Music emotion classifiers based on lyrics using LDA, SVM, and AdaBoost
- Install git-lfs (Follow instructions on https://git-lfs.github.com/)
- Clone repo
- Pull using git-lfs
- Create virtual env (Optional)
- Run 'pip install -r requirements.txt'
Original using dataset found in 'data/spotify/' and 'data/deezer/' directories, which do not include lyrics. Lyrics for each song was scraped from Genius using tweaked-version of lyricsgenius (with slight modification to search_song api). Upon completion, a gen_{dataset_name}_data.csv and gen_{dataset_name}_error_log.txt is created for each dataset.
Running 'python shared/gen_dataset.py' will initiate scraping for lyrics for each song in the datasets.

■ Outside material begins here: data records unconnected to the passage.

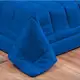 Edredom dupla face casal Queen 2,40x2,20 em oferta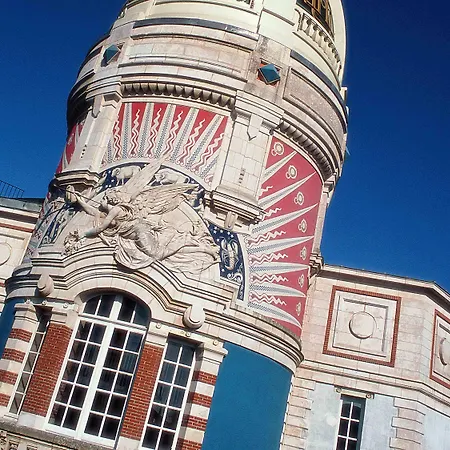 Ξενοδοχείο Mercure Centre Passage Pommeraye 4*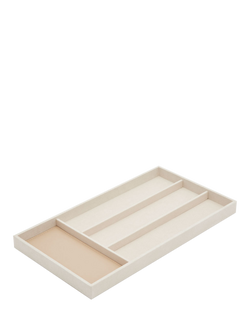 WOLF Vault Watch Strap Tray Insert, Beige - view 2, Beige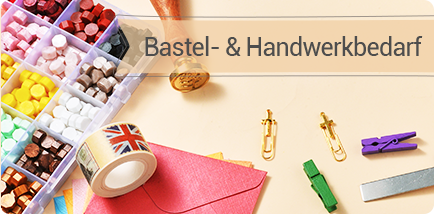 Bastel- & Handwerkbedarf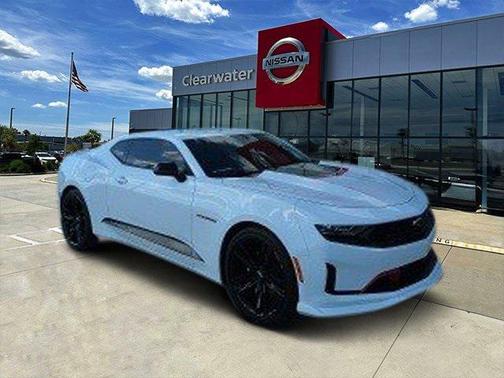 2024 Chevrolet Camaro 1LT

The result of api call is verified quickly by checking that song title & artist names found online match with dataset values before being store.
Columns
- song - song title (string)
- artist - artist name (string)
- valence - valence rating (numeric)
- arousal - arousal rating (numeric)
- lyrics - lyrics (string)
- found_song - song title found online (string)
- found_artist - artist name found online (string)
Running 'python shared/clean_dataset.py' will initiate some basic cleaning/preprocessing of datasets generated by shared/gen_dataset.py. Songs are cleaned based on lyric length, lyric tags (e.g. [VERSE 1]), language (English only using langdetect), word count limit, and unique word count threshold. Following this, generation of emotion class label ('y') takes place based on the quadrants of valence-arousal space (see fig. below).
Columns
- song - song title (string)
- artist - artist name (string)
- valence - valence rating (numeric)
- arousal - arousal rating (numeric)
- lyrics - lyrics (string)
- found_song - song title found online (string)
- found_artist - artist name found online (string)
- y - emotion class label from 1-4 (numeric)